Not that the Economist has ever made a habit of ignoring tropical diseases. Far from it, the Economist as a British magazine is quite good at reporting on the Isles former colonies.
Here they’ve written on the issues of mass drug administrations as a tool in malaria eradication. Specifically, they focus on a Chinese group seeking to ramp up efforts to create a successful regimen of artemisinin and piperaquine to eliminate the disease by prophylacticly preventing infection, and interrupting the cycle of transmission long enough to eliminate the parasite entirely.
Dr Li’s approach is to attack not the mosquito, but the disease-causing parasite itself. This parasite’s life cycle alternates between its insect host (the mosquito) and its vertebrate one (human beings). Crucially, as far as is known, humans are its only vertebrate host. Deny it them and it will, perforce, wither away—an approach that worked for the smallpox virus, which had a similarly picky appetite. In the case of smallpox, a vaccine was used to make humans hostile territory for the pathogen. Since there is no vaccine against malaria, Dr Li is instead using drugs.
To date, the group has been running trials in the Comoros islands off the coast of Mozambique and had some success, but haven’t come close to full elimination. Elimination on islands surrounded by salt water (mosquitoes which transmit malaria breed in fresh water) should be a fairly easy proposition, but the issue of human mobility from the African continent guarantees reintroduction.
I’m personally involved in an island malaria elimination project in Kenya, but am under no illusions that results from an island are in the least bit generalization to the continent. Falciparum malaria is far too efficient and the lack of a winter renders transmission far too consistent to allow easy elimination. Add the issue of the intense mobility of Africans and one can’t help but be discouraged.

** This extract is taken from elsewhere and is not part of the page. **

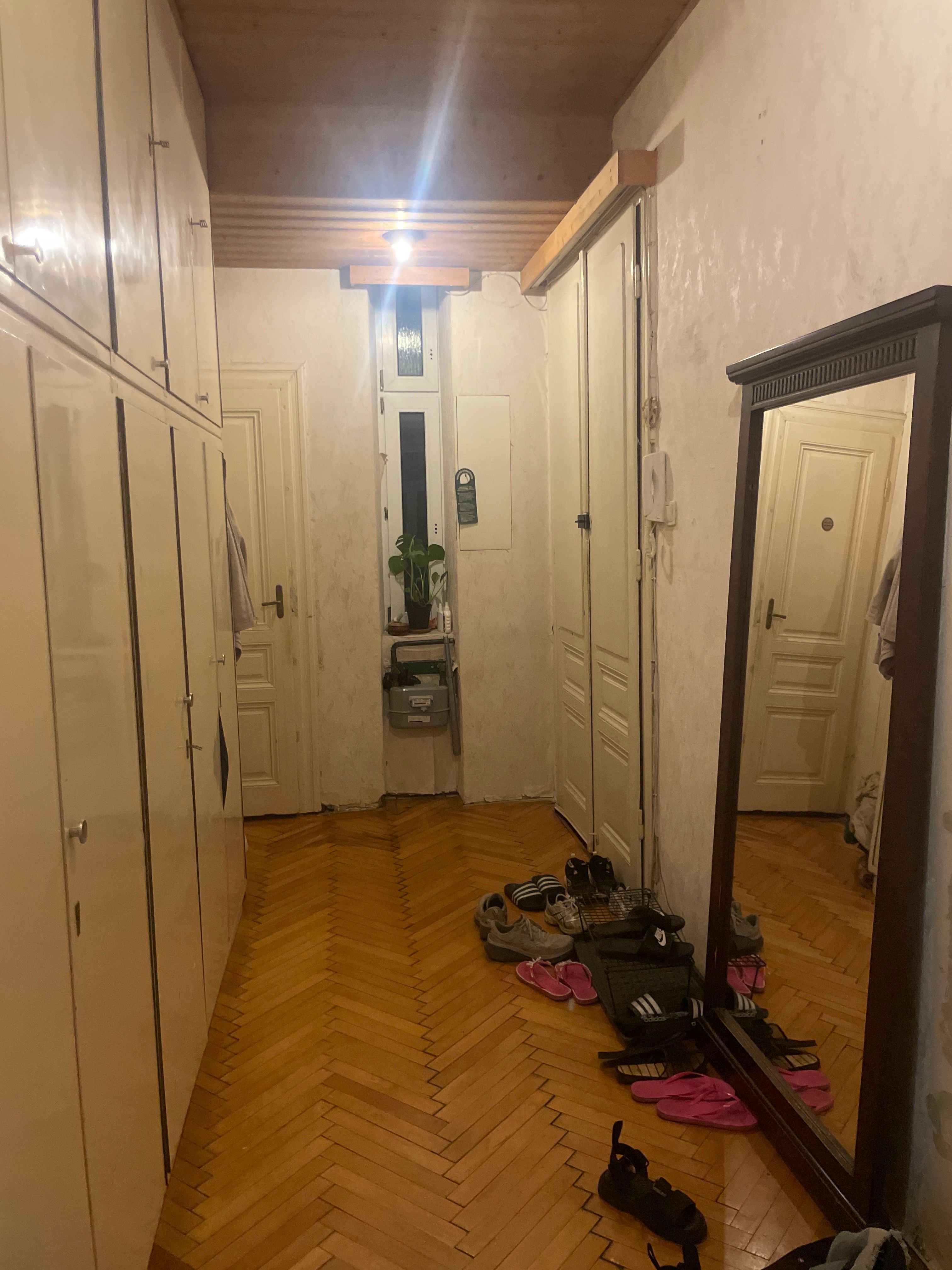 image-13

Dr. Li from the Guangzhou group seems to be optimistically under the mistaken impression that all it will take to eradicate malaria is the right combination of magic pills, but he’s gravely mistaken. The only thing that will consistently control malaria on the continent will be a full on, sustained assault using every tool known, along with intense economic development. The continent has only seen gains in malaria control during the 00’s, when incredible amounts of money and effort was thrown at the disease and, not coincidentally, when African economies finally started to take off. Eradicating malaria won’t be about a few pills.

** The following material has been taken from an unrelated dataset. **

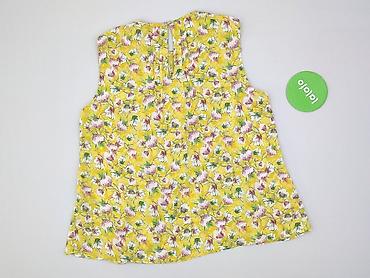 "masimo dutti": Zara, Bluzka damska, rozmiar M — 3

More troubling to me are the ethical issues. Mass drug administrations require the participation. If even a small group of people refuse the medication, the entire effort might be for naught. Obtaining full, informed consent, however, is near impossible in these areas. While most people are willing to participate once the benefits are explained to them, the risks are often glossed over. Moreover, as communities will often follow the behavior of their neighbors or community leaders, it is difficult to judge whether people participate of their own volition or whether they are merely bowing to community pressure. Educational barriers might also compromise the ability to obtain truly informed consent.
Further, I don’t doubt the intent of the Guangzhou group, but I do wonder if Chinese institutions truly have the same level of ethical review and monitoring that United States’ institutions have (which isn’t even perfect and sometimes ill suited to developing countries). I’m sure that China would love to claim a success like malaria elimination, but I worry that a zeal for victory might lead to a violation of basic ethics and even a masking of failures, complicating the issue in the long term. I hope that I’m wrong.